Description
Experience the rich, deeply flavorful Authentic Birria, a traditional Mexican stew featuring tender, slow-simmered beef infused with a smoky and savory chili sauce made from dried guajillo, ancho, and chipotle peppers. Perfectly paired with warm corn tortillas, fresh cilantro, diced onion, and lime wedges, this dish delivers a comforting and rich meal that captivates the senses.
Ingredients
Scale
Meat
- 3 pounds beef chuck roast (or short ribs, or a mix)
- 1 teaspoon salt
- ½ teaspoon black pepper
- 2 tablespoons olive oil
Chili Sauce
- 4 dried guajillo chilies, stemmed and seeded
- 2 dried ancho chilies, stemmed and seeded
- 2 dried chipotle chilies
- 4 cups beef broth
- 1 small onion, chopped
- 4 cloves garlic, minced
- 1 teaspoon dried oregano
- 1 teaspoon ground cumin
- ½ teaspoon ground cinnamon
- 1 tablespoon apple cider vinegar
- 1 teaspoon salt (adjust to taste)
- ½ teaspoon black pepper
- 1 medium tomato, chopped
To Serve
- Warm corn tortillas
- Chopped fresh cilantro
- Diced white onion
- Lime wedges
Instructions
- Prepare the Chilies: In a dry skillet over medium heat, toast the guajillo, ancho, and chipotle chilies for about 30 seconds on each side until they become fragrant. Then transfer them to a bowl and cover with hot water, allowing them to soak for 10 minutes until softened.
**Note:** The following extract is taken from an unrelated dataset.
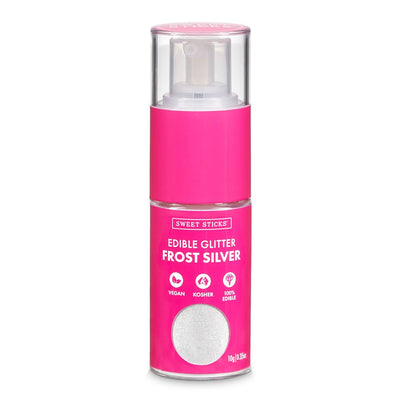 Glitter Frost Silver Edible Glitter Pump 10g Sweet Sticks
- Blend the Sauce: Drain the softened chilies and add them to a blender along with beef broth, chopped onion, minced garlic, dried oregano, ground cumin, ground cinnamon, apple cider vinegar, salt, black pepper, and chopped tomato. Blend the mixture until smooth. Optionally strain the sauce to achieve a smoother texture.
- Sear the Meat: Season the beef chuck roast with salt and black pepper. Heat olive oil in a large pot over medium-high heat and sear the beef on all sides, about 3 to 4 minutes per side, until browned and flavorful.
- Simmer the Birria: Pour the blended chili sauce over the seared beef in the pot. Add extra beef broth if necessary to fully cover the meat. Bring the mixture to a gentle simmer, then reduce the heat to low and cover. Let the beef cook slowly for 3 to 4 hours until it is fall-apart tender.
- Shred & Serve: Carefully remove the beef from the pot and shred it using two forks. Return the shredded beef to the pot with the sauce and simmer together for an additional 10 minutes to meld the flavors.
- Enjoy: Serve the birria hot, either as a hearty stew alongside warm corn tortillas or use the shredded meat to make authentic tacos. Garnish with chopped fresh cilantro, diced white onion, and a squeeze of lime juice for added brightness and freshness.
Notes
- For a smoother sauce, strain the blended chili mixture before cooking.
- Be sure to toast the dried chilies lightly to enhance their flavors but avoid burning.
- Using beef chuck roast is ideal for slow cooking due to its marbling, which keeps the meat tender and flavorful.
- You can prepare the birria a day ahead; leftovers taste even better as the flavors meld overnight.
- If you prefer a spicier birria, consider adding an extra chipotle chili or some chili powder to the sauce.